I think of the importance of Talent in Nashville in light of the recent tragedy.

Talent allows you to engage in the moment with your audience while utilizing your important social and digital channels.

Imagine trying to connect with your available audience without Talent and you’re imagining a sterile brand experience.

Talent allows you engage on behalf of your clients with the benefit of the greatest “pitch masters” that can sell products and services in a local market.

Imagine an experience without talent to execute that plan.

I’m sure some of you can celebrate other talent benefits I’m not highlighting.
Please hit me up and let me know what you’re thinking.

We have to celebrate TALENT!

Buzz Knight is the CEO of Buzz Knight Media and can be reached by e-mail at [email protected]


  1. Love Talent. ..Love Developing Them People Friends Artists They Are! 6 years ago .. I hired two local musicians (Husband-Wife) to Do Mornings on our Palm Beach County/ 100.3FM. LegendsRadio.com They got the skills at our local Connecticut School Of Broadcasting Not Only are THEY Loving their new career. They’re REAL. Listeners Love THEM!

  2. I have 20 years major market experience.
    Now retired. I Won’t voice track for minimum wage. My dream now is to host a conservative women’s news show. I would take calls and interview conservative women. We would talk abortion, economy, religious freedom and more.

  3. Some of the worst managers were once talent. Failed talent, that is. They couldn’t cut it on the air, they moved into sales, then management. Taking with them a lot of resentment towards the skilled talent — which they never were.

  4. Without great talent – there can be no great brand.

    The irony for radio is that The Talent (On-air and writers) are the ONLY elements over which radio can establish itself in every market. Everything else is out-sourced.
    Cookie-cutter voice tracks and cookie-cutter announcer formats do nothing to enhance the position of any radio station.

    Such strategies are no more than a combination of keeping bush fires down and deck chairs rearranged.

    And yet, these are the very elements that station owners and management go out of their way to throttle – a form of slow self-strangulation.
    Not only are these absurd behaviours counter productive, they are ape-snake crazy.

  5. By all means, Buzz, I do agree with celebrating those skilled and talented individuals that are still able to and, more importantly, allowed to “bring home the bacon”.

    However, many of these folks are also in a position to, soon enough, join the ranks of the White Rhino – inexorably being lead to extinction.

    Radio, as you might concur, is well on its way to becoming a strictly mechanical medium – bereft of the talent-based qualities-in-quantity that you promulgate as the life’s blood of the industry.

    The suppression of talent has, practically, not even been a successful short term strategy – it only moves the scene of the wrecks a little further downrange.

  6. Ronald:
    Let’s celebrate the ones that we do know make a difference. The amazing morning shows that create spectacular content everyday, that impact their communities and stand out.
    I’m not suggesting at all we reward the indifferent ones that are phoning it in.
    That stands the best chance to ward off what you accurately describe as “open disgust for most members of the talent-corps”
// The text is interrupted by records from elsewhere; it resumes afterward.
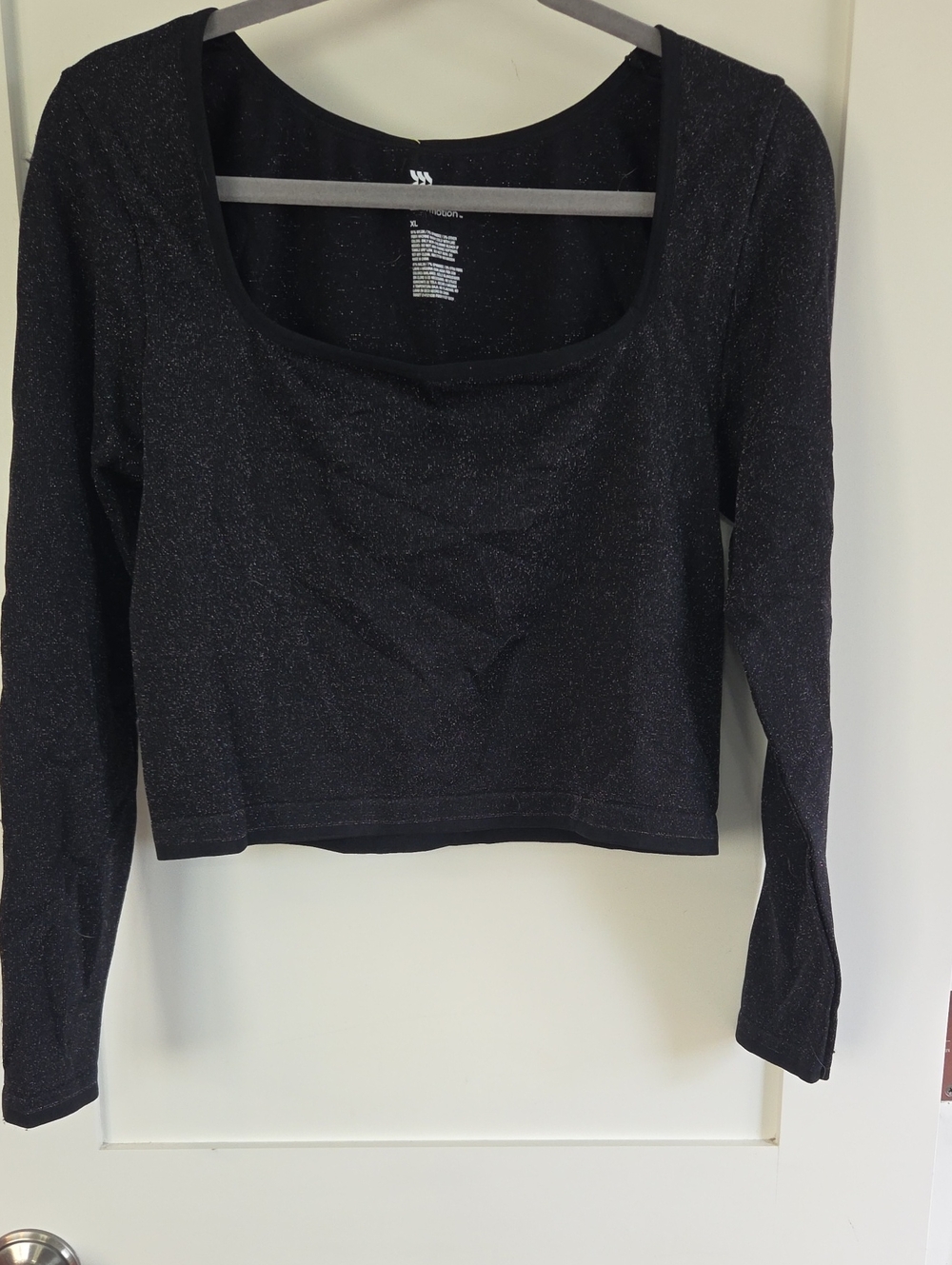 all in motion Black Sparkle Long-Sleeve Crop Top
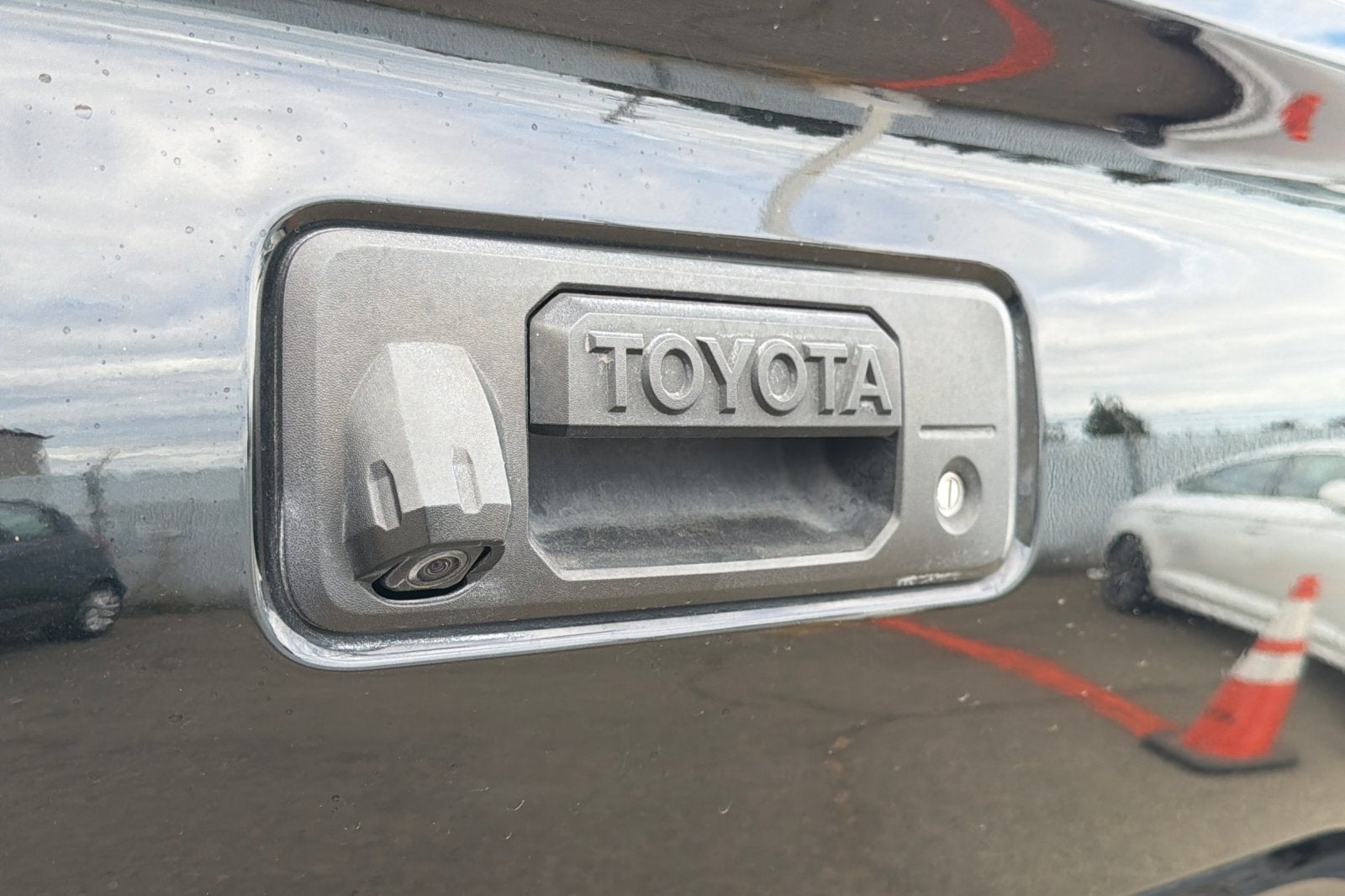 2019 Toyota Tacoma SR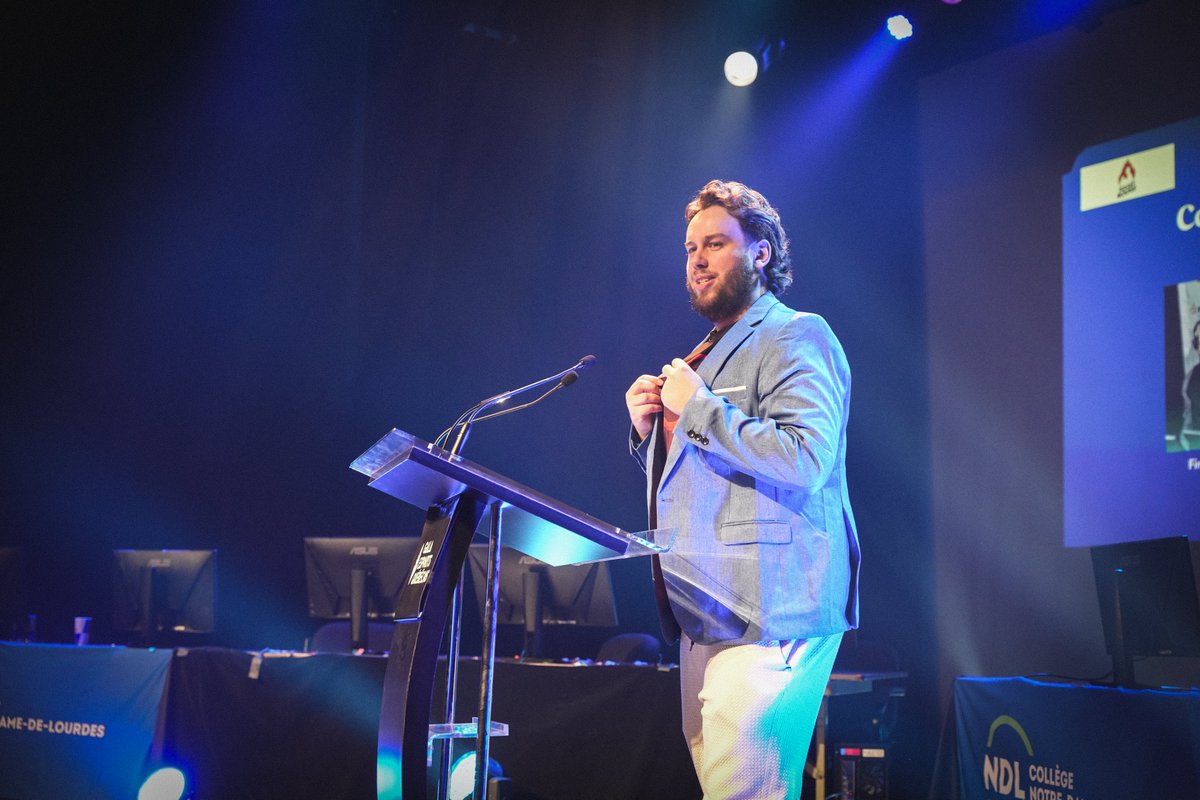 Votre gagnant du prix « Commentateur Esports de l’année ».

🏆@PolopoloLive

#GEQ #GalaEsportsQuebec
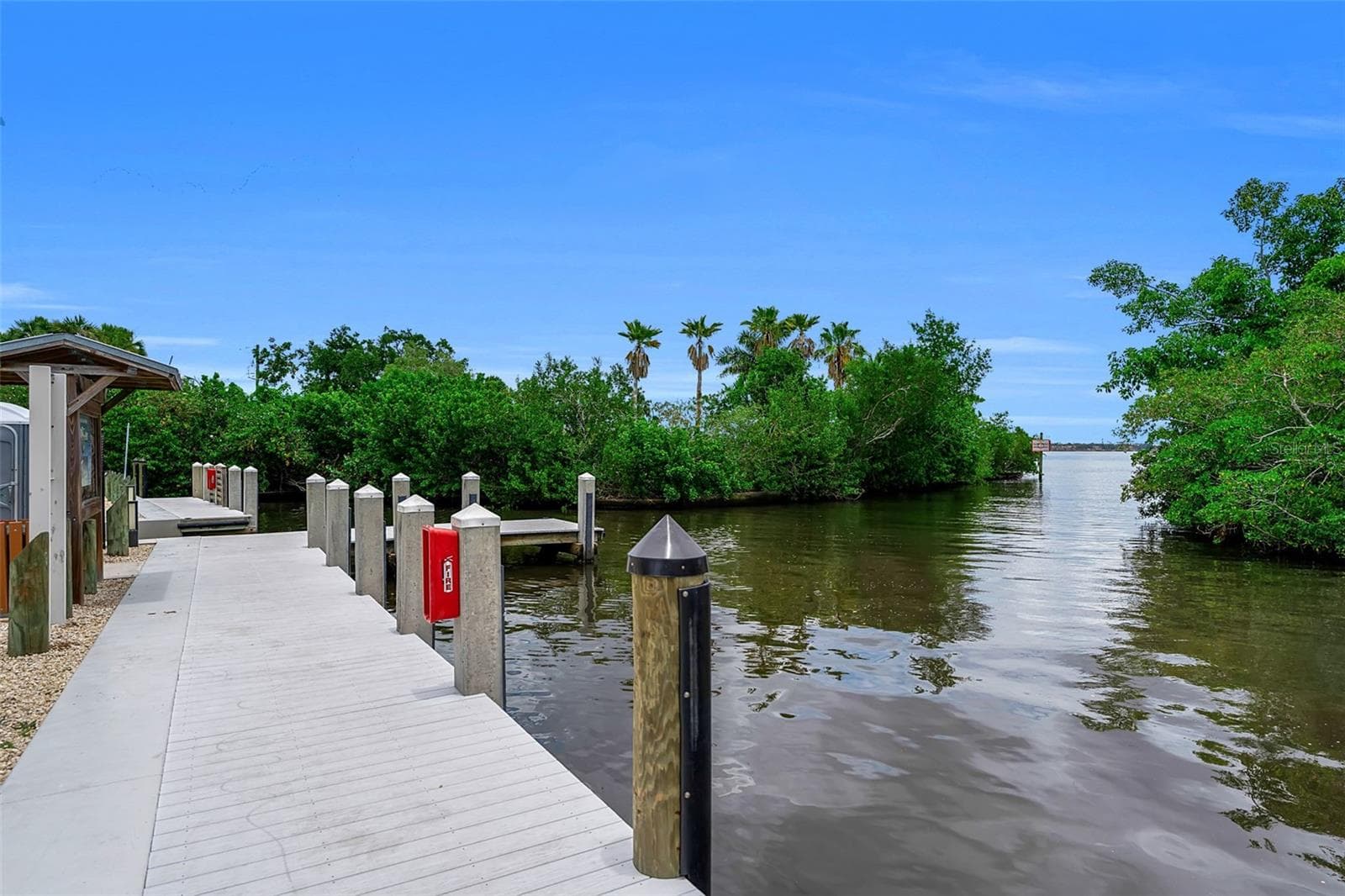 Docks at the community ramp - 332 SHORE DR, ELLENTON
  7. Maybe if the writer of this article referred to talent as “people” or even “people with talent” or “talented people” . . . but no, that would tend to humanize them, wouldn’t it? That would never do.

    The human beings who get behind the microphone every day and, in more and more confining circumstances, do their best to be aware of and be part of their listener’s lives, are still, to management, just the most over-priced line item on their P & L’s.

  8. No knock on Buzz for this, but he does avoid an ongoing reality in radio.

    Which talent, specifically, needs to be celebrated? When? In what way?
    Would any of that tend to dissipate the resentment and disdain with which so much of the talent-base is currently subjected?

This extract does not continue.